Roger bot taking a long time to crawl site
-
Hi all, I've noticed Roger bot is taking a long time to crawl my new site. It started on the 28th Feb 2013 and is still going. There aren't many pages at the moment. Any ideas please?
thanks a lot, Mark.
-
Hi Peter
thanks for your reply. The crawl has now completed and given me some more areas to work on, it's a great tool.
I was so preoccupied with 'hiding' the site over the last couple of months with the easy code:
User-agent: * Disallow: /
I hadn't thought beyond this.
I've noticed Google has now recognised the new robots.txt which has allowed the sitemap to be accepted..
I'll look at your notes, thank you, and work out my next move. I'll let you know how I get on too.
I know (well think) I have to get noindex, follow for 'sorted' category pages...
all the best, Mark.
-
Hi Mike
The crawl has now completed, thank you. I think the results will keep me occupied
all the best, Mark.
-
Hi Mark,
Sorry it's taking a while to crawl your new site.

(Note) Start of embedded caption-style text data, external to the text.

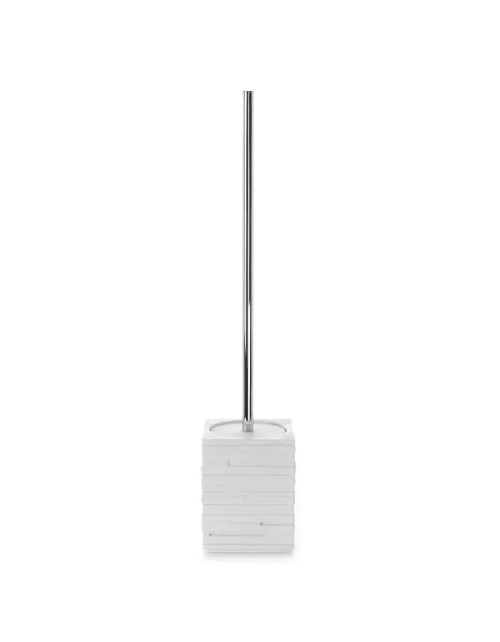 Standing toilet brush holder Gedy Quadrotto white QU33-02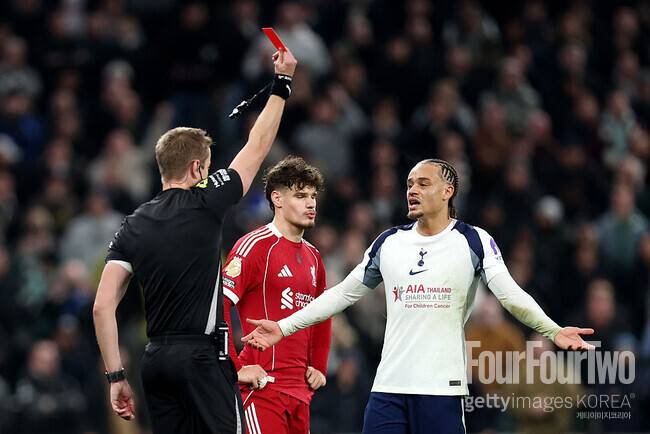 [pl.review] 손흥민 후계자가 다 망쳤다...'2명 퇴장' 토트넘, '이삭 2호골-비르츠 첫 도움' 리버풀에 1-2 패배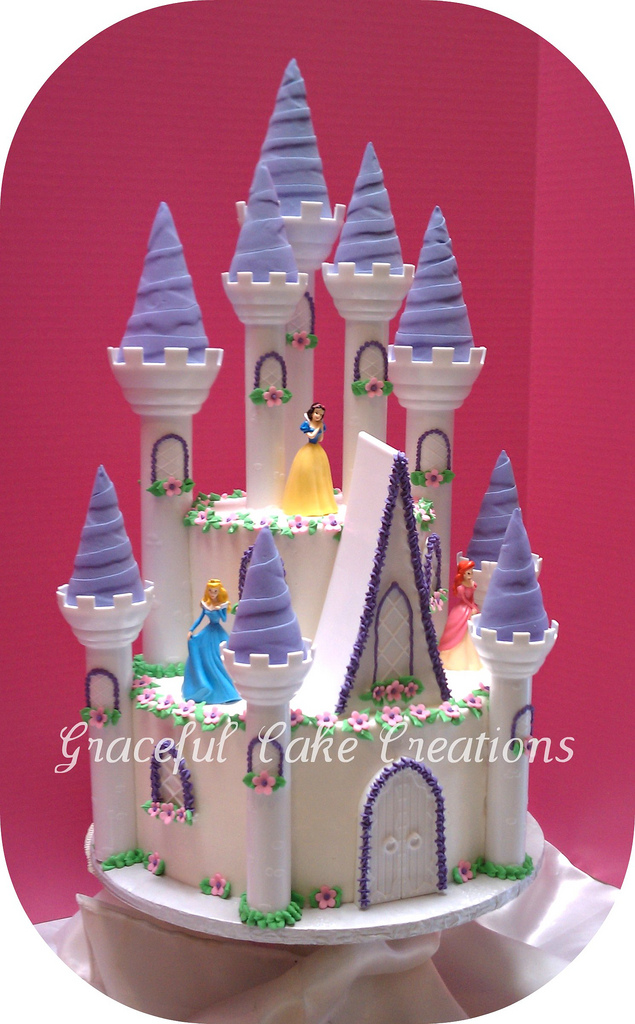 Disney Princess Castle Cake Disney Princess Castle Cake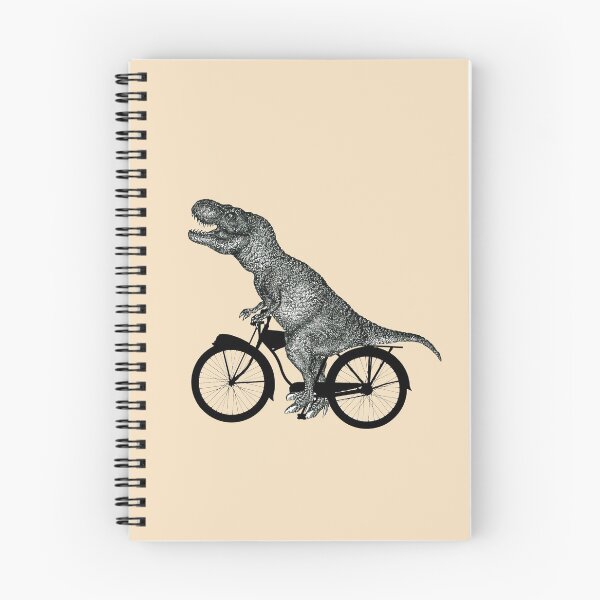 Artikelvorschau, Fahrrad- und Rex-Dinosaurier-Silhouetten entworfen und verkauft von Collagedream.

While I'm not exactly sure what the delay is, one of the possible reasons is through your robots.txt. Here's what I see in a short snippet from your robots.txt:
# Crawlers Setup User-agent: * Crawl-delay: 30 # Allowable Index Allow: /*?p= Allow: /index.php/blog/ Allow: /catalog/seo_sitemap/category/ Allow: /catalogsearch/result/ Allow: /media/ # Directories Disallow: /404/ Disallow: /app/ Disallow: /cgi-bin/ Disallow: /downloader/ Disallow: /errors/ Disallow: /includes/ Disallow: /js/ Disallow: /lib/ Disallow: /magento/ Disallow: /pkginfo/ Disallow: /report/ From here, the formatting looks a little awkward. What's going on is that you're telling Roger bot to only look at these:
Allowable Index
Allow: /*?p=
Allow: /index.php/blog/
Allow: /catalog/seo_sitemap/category/
Allow: /catalogsearch/result/
Allow: /media/While the syntax is OK, not every crawler out there will follow the allow directive. Here's an example something you can use.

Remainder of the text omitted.